Output files either contain cross-sectional (data at the time of recording) or longitudinal data (data accumulated over multiple stages).

Snapshots

Snapshots are files that contain cross-sectional data. There are three kinds of files created - genotypes, phenotypes and demography. They are created at the frequency set by the parameter SNAPSHOT_RATE_ and they are saved in .feather format.

The genotypes files contain $\bf G$ (as is described here); i.e., genomes of all individuals at the time of recording (first column containing the data for the first bit, second column for the second bit, etc.), while the phenotypes contain $\bf P$; i.e., all the phenotypes (first column containing the first value from the .phenotype variable, second column the second value, etc.).

Visor files

Visor files contain longitudinal data. As the simulation is progressing, data is being accumulated and periodically recorded as one row and appended to the relevant tables; the frequency of appending is determined by the parameter VISOR_RATE_.

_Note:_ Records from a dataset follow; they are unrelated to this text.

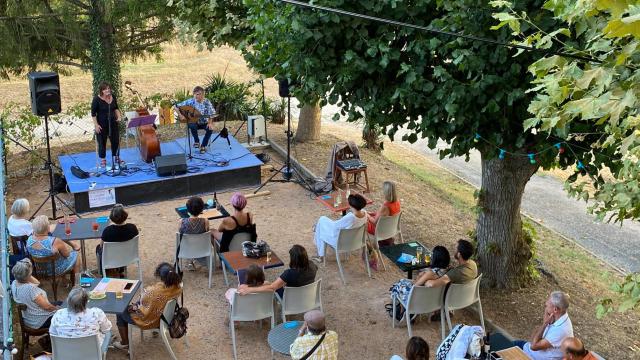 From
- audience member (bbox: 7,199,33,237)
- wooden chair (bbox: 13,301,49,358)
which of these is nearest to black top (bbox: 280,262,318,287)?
wooden chair (bbox: 13,301,49,358)

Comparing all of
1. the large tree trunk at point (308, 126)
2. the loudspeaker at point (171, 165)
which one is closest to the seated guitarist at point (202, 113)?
the loudspeaker at point (171, 165)

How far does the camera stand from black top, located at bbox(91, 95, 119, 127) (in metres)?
11.5

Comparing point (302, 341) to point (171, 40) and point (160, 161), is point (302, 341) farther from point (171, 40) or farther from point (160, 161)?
point (171, 40)

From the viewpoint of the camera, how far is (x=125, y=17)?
1457 cm

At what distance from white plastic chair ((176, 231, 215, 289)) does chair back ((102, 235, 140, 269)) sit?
0.53m

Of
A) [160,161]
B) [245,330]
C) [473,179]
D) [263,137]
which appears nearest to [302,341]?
[245,330]

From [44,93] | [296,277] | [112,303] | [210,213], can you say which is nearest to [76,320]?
[112,303]

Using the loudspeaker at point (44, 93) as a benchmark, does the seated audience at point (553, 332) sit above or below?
below

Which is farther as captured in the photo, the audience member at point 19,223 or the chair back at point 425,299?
the audience member at point 19,223

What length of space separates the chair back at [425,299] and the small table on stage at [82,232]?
3638mm

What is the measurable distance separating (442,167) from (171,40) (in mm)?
6774

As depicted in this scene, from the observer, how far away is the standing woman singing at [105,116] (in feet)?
37.6

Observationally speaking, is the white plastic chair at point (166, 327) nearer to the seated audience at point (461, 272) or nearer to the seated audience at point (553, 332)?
the seated audience at point (461, 272)

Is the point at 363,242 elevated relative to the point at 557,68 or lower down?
lower down
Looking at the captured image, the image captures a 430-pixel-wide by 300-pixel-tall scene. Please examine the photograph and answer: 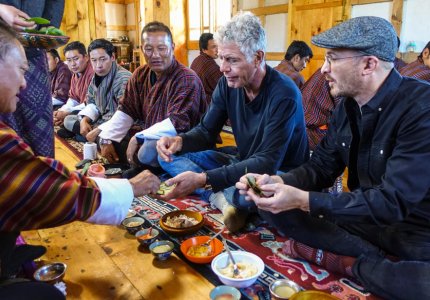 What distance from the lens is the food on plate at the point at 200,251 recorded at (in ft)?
6.29

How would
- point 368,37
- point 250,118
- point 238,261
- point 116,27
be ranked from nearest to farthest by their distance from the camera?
point 368,37 < point 238,261 < point 250,118 < point 116,27

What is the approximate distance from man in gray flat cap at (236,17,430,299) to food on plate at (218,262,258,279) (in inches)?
11.9

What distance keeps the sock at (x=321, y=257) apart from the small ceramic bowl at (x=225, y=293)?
51 cm

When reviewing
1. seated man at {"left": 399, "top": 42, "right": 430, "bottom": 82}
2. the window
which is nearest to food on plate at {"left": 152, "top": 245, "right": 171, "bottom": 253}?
seated man at {"left": 399, "top": 42, "right": 430, "bottom": 82}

  • genotypes.csv contains average genomes (described here); i.e., rows containing proportion of 1s for every position in the genome
  • phenotypes.csv contains median phenotypes (described here); i.e., rows containing the median phenotypic value for every trait in the phenotype

Spectra files

Spectra files contain longitudinal data – age structure and multiple death tables (one for each cause of death) and a birth table. All structures are averaged over the period of recording.

  • cumulative_ages.csv contains the age structure averaged over the recording period

  • age_at_genetic.csv contains the death structure for death caused by mutations

  • age_at_overshoot.csv contains the death structure for death caused by overcrowding

  • age_at_season_shift.csv contains the death structure for death caused by reaching the end of the season (applicable when annualism is activated)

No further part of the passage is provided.